● **INSTRUCTIONS FOR THE TASK**:
The answer must consist only of the lines in the records below from the line with "7 Interesting Facts" to the line with "Man pruning fruit", both included, copied word for word with every picture left out.

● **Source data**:
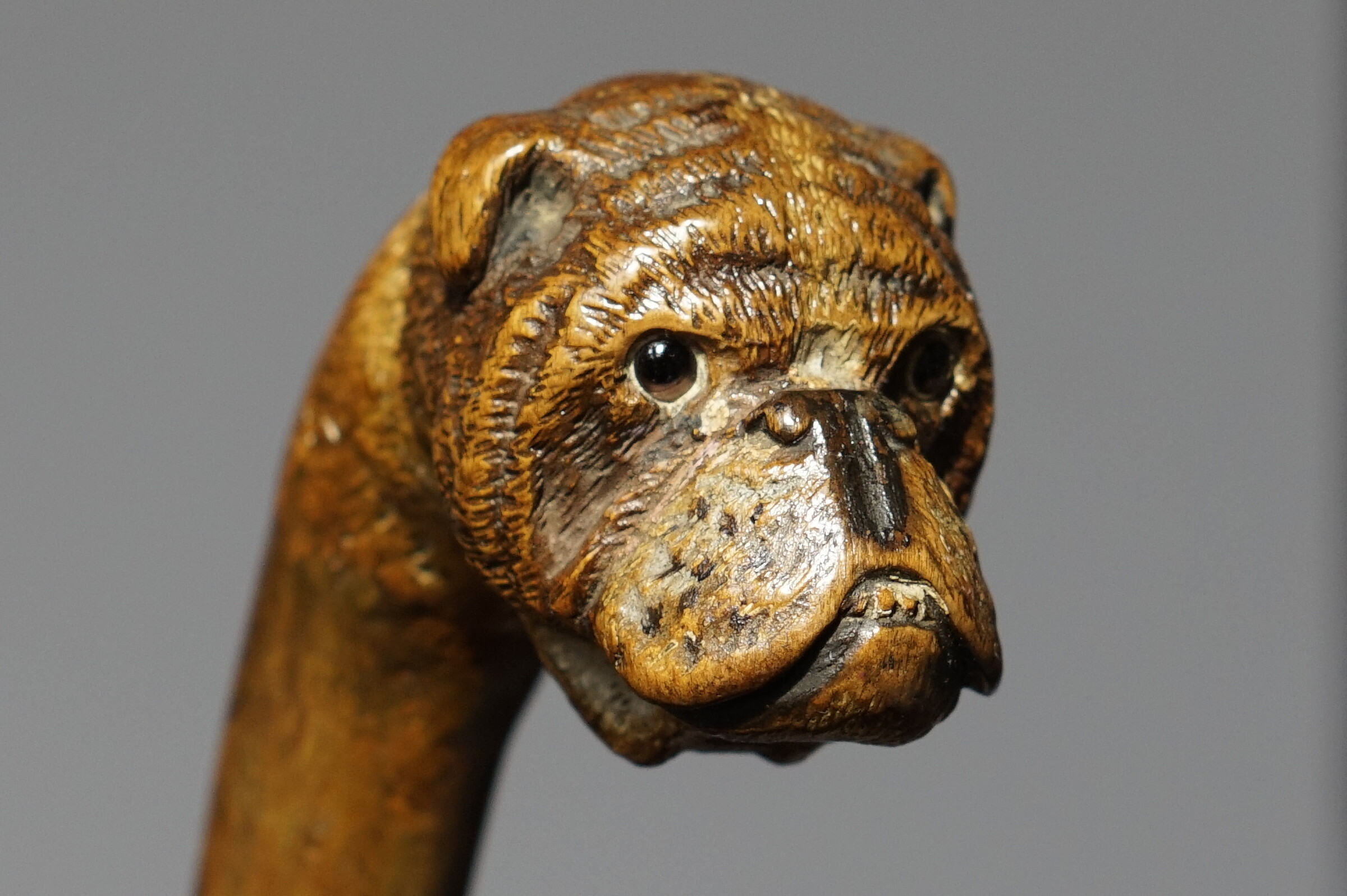 BRIGG Bulldog mascot Walking cane, England ca. 1900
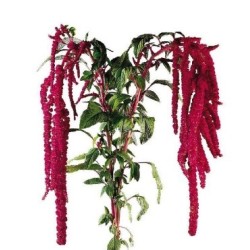 Amaranthus Hang Red  80cm punane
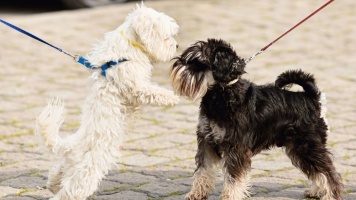 Как знакомить собак на улице, простые правила 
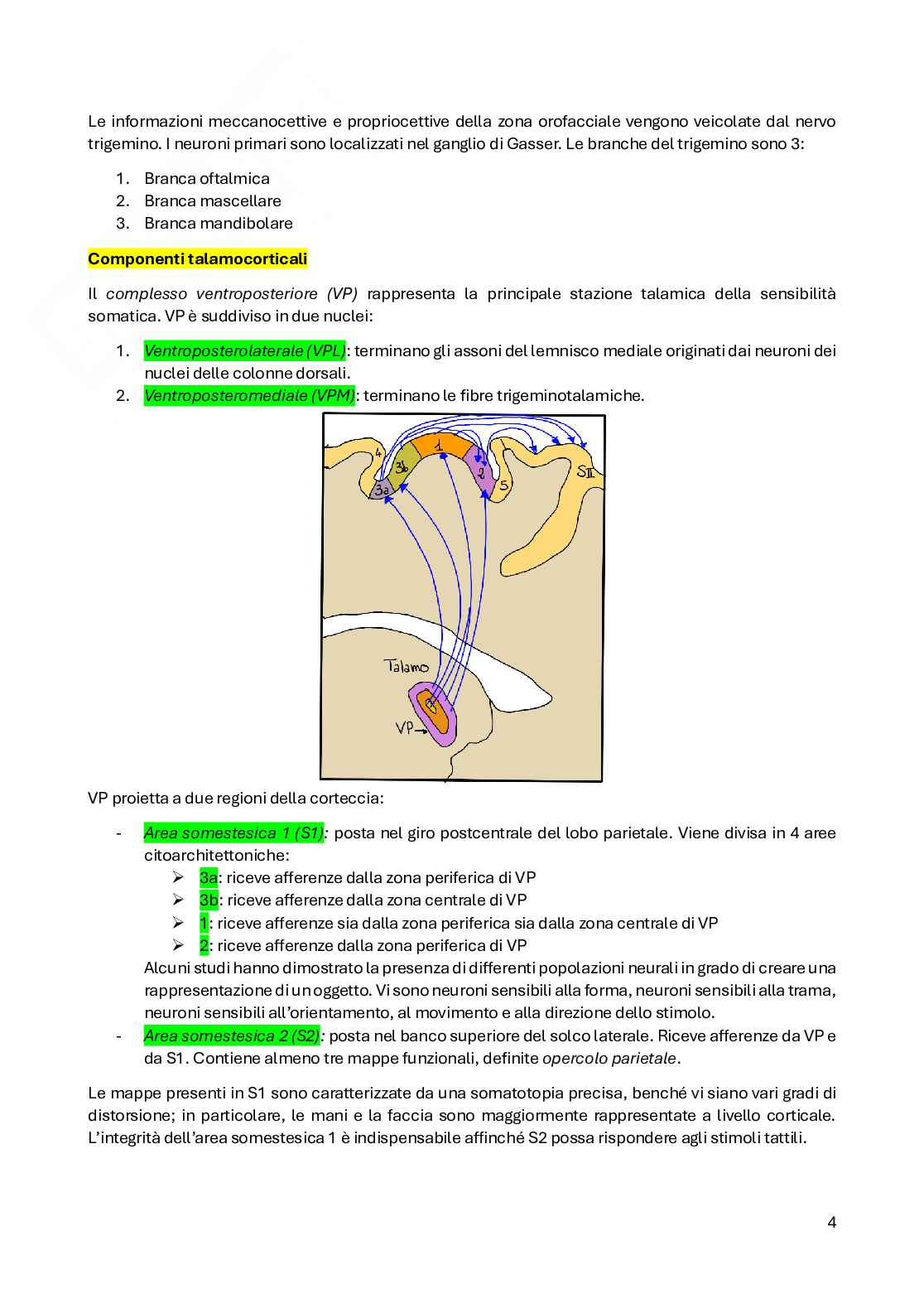 Fisiologia del sistema nervoso Pag. 16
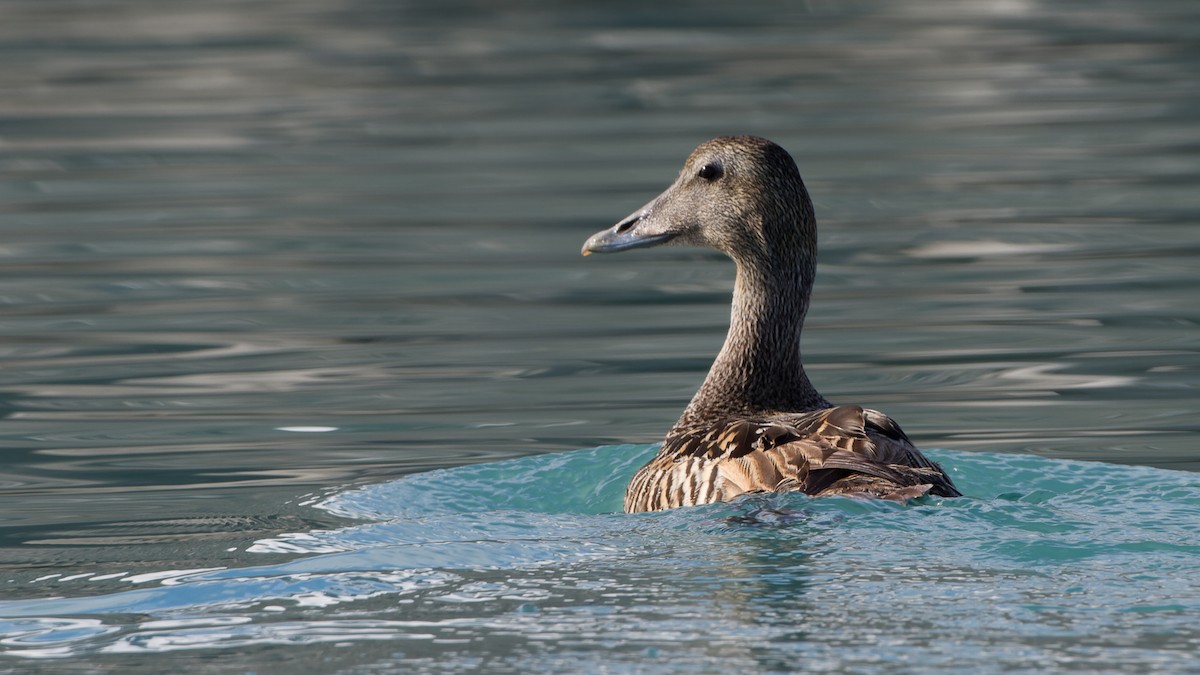 Eider arrunta - ML613897544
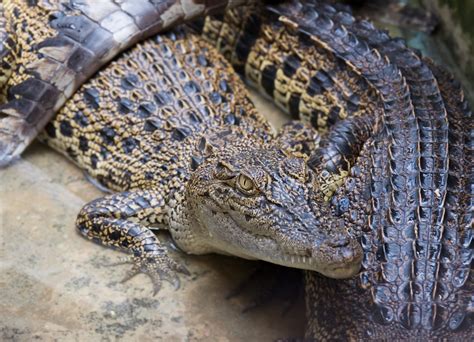 7 Interesting Facts About Philippine Crocodile! - Animal Media Foundation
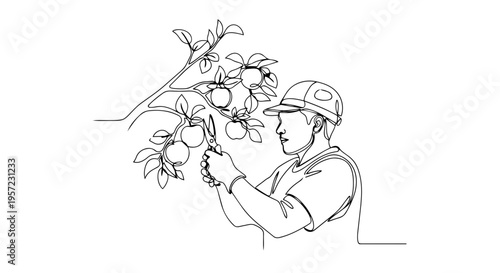 Man pruning fruit branch one line drawing. Continuous line art of gardener trimming orchard tree. Minimalist vector illustration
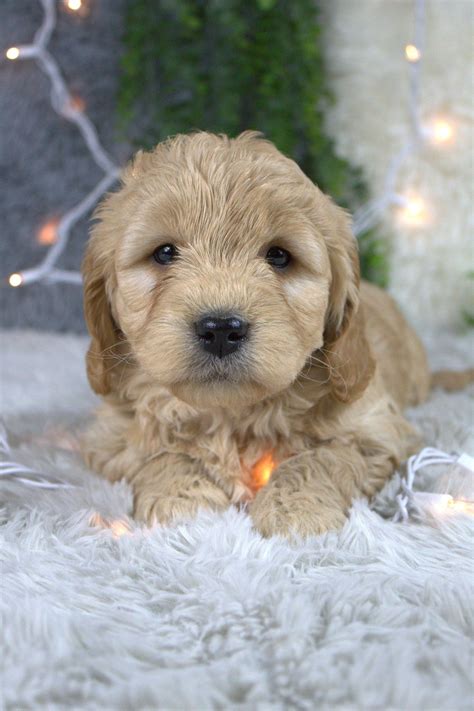 Location: Millersburg, OH 44654. Birth Date: June 30, 2023. Date Available: August 25, 2023. Along with their high intelligence, Mini Aussiedoodles are also irresistibly cute and energetic. With bounding energy, your Mini Aussiedoodle puppy can keep you on your feet the whole day!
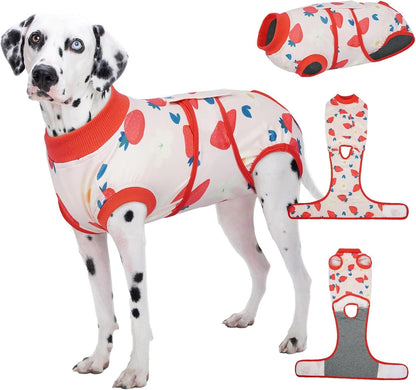 Female Dog Recovery Suit — Post-Spay & Surgery Coverage, Soft & Breathable (XS–2XL)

● **ANSWER BOX**:
 7 Interesting Facts About Philippine Crocodile! - Animal Media Foundation
 Man pruning fruit branch one line drawing. Continuous line art of gardener trimming orchard tree. Minimalist vector illustration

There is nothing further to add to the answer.